Banquetz de vyande

Attablé avec Gérard Berré­by et D. dans l’ar­rière-salle des Routiers, restau­rant français où l’on mange à la façon des années 1950. Le comp­toir est de zinc, les bouteilles alignées, autour des tables couchées de papi­er, les gens par­lent et ripail­lent. Dans ce bruit, j’en­tends mal. Je me penche. Quelques mots me parvi­en­nent. Peu importe: l’on pour­rait aus­si se taire, l’am­biance suf­fit. Elle est à la bonne humeur, au sain plaisir. La patronne apporte des plats de viande, de la laitue, du fro­mage, des pichets de rouge. Un client vac­ille, dis­paraît par une porte. L’uri­noir est accroché dans une pen­derie. Du côté des piliers de bar, des quoli­bets réson­nent. Et partout, ce sont des poignées de main et des acco­lades. Quant aux arrivants, ils embrassent la serveuse, souhait­ent le bon appétit. Je soupèse mes ser­vices. De vrais  out­ils! Les couteaux coupent, les fourchettes piquent. Tout cela mouille les papilles . Com­ment en sommes-nous arriv­er à pig­nocher dans des salles cli­ma­tisées? A se restau­r­er debout dans de la vais­selle en car­ton?  Il n’est que de voir nos voisins! Trois hommes her­culéens. Ils engloutis­sent des tranch­es d’ag­neau, arrosent chaque bouchée de vin, lève la bouteille vide, attrapent la suiv­ante, se resser­vent. Tout en mâchant, tout en s’esclaf­fant, ils par­lent de ce gars qui passe sa vie au volant d’une moto, tra­verse les con­ti­nents, relie Lon­dres et le Laos. Gérard s’im­pa­tiente:
- Et notre com­mande?
La patronne fait signe: nous sommes troisième, et elle plonge en cui­sine d’où elle ressort les bras chargés d’un ragoût, d’une purée et d’un pâté. La voici devant notre table son bloc-notes à la main. Elle humecte la pointe de son cray­on et répète: pavé de bœuf au poivre, hachis par­men­tier, salade de gésiers, et de la bière et un Côte-du Rhône. Elle allait par­tir, je la retiens: met­tez aus­si un plat de cru­dités. Gérard me prévient:
- Vous aurez trop, les por­tions sont énormes.

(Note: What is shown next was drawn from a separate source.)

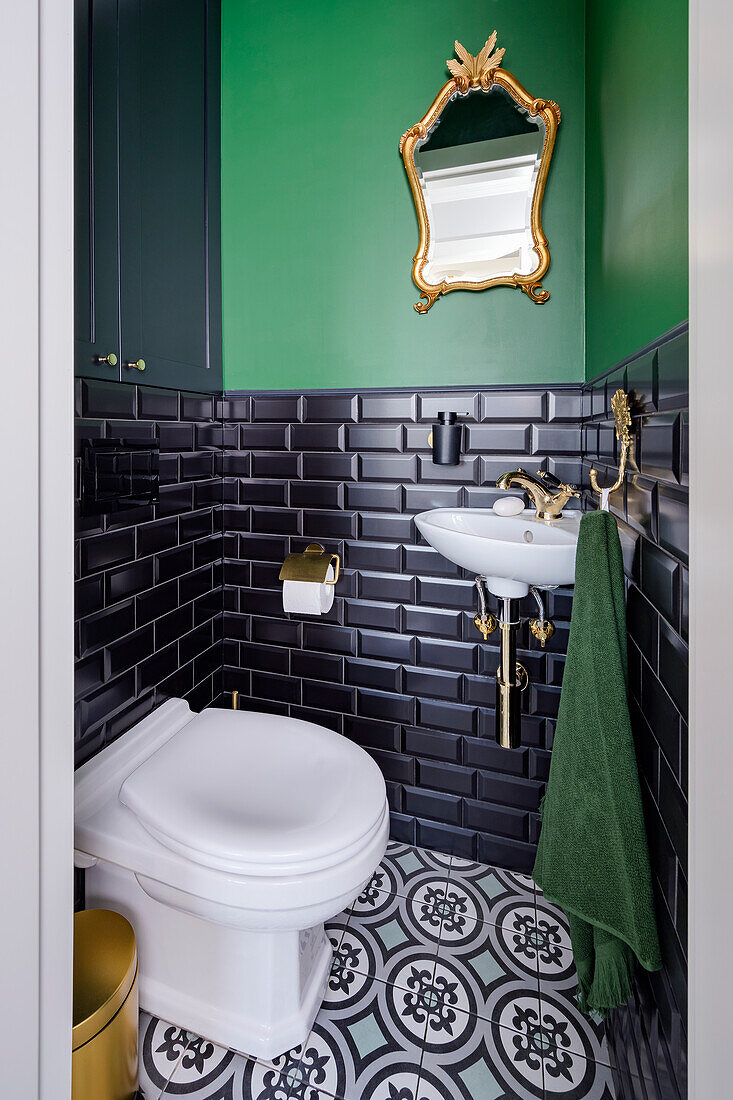 Small guest toilet, black subway tiles in the base area, green painted walls above it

Un œil à la table voi­sine, ces hommes à l’estom­ac sur­di­men­sion­né ont avalé sept tranch­es d’ag­neau, il en reste encore cinq sur le lit de frites.
- Don­nez tout de même des cru­dités!
Je n’au­rai pas à m’en repen­tir. Quand je pense à ces salades étiques con­stel­lées de maïs en boîte, quand je pense à ces piz­zas suiss­es! Dans mon assi­ette, un avo­cat mûr, des carottes rouges, du céleri et une frisée cro­quante. Puis les gésiers de D, croustil­lants, gras à souhait, et le hachis par­men­tier.  Gérad me fait goûter:
- Vous sen­tez ce goût?
J’évoque Fer­rari dans Ane­masse, la serveuse qui avalait un fond de rouge chaque fois qu’un client l’en­voy­ait pren­dre une bouteille à la cave, et la patronne, sa tenue, sa poitrine, son sérieux, c’é­tait il y a vingt ans et comme ici, manger était une affaire sérieuse: un homme qui a faim doit être nour­ri. Main­tenant, les voisins lèchent les sauces. Ils par­lent l’anglais avec un accent du Gers. Il sont peut-être russ­es. Dan ce cas, ce serait des rug­by­men moscovites. Ils choi­sis­sent des fro­mages, des desserts, un alcool. Lorsque nous sor­tons du restau­rant, D. aperçoit un bidet sur le bord du trot­toir:
- Duchamp!
Soudain, une voiture décroche d’une impasse. Une Cit­roën 5 ruti­lante. Les Ger­sois! De gros hommes dans une grosse voiture!
- En voilà une adresse, je reviendrai!
- Le lun­di et le mar­di, pré­cise Gérard, ils font leurs achats à la cam­pagne, c’est ouvert dès mer­cre­di.
Puis nous regagnons tous trois l’ap­parte­ment et ren­trons cha­cun par notre porte après s’être souhaité la bonne nuit.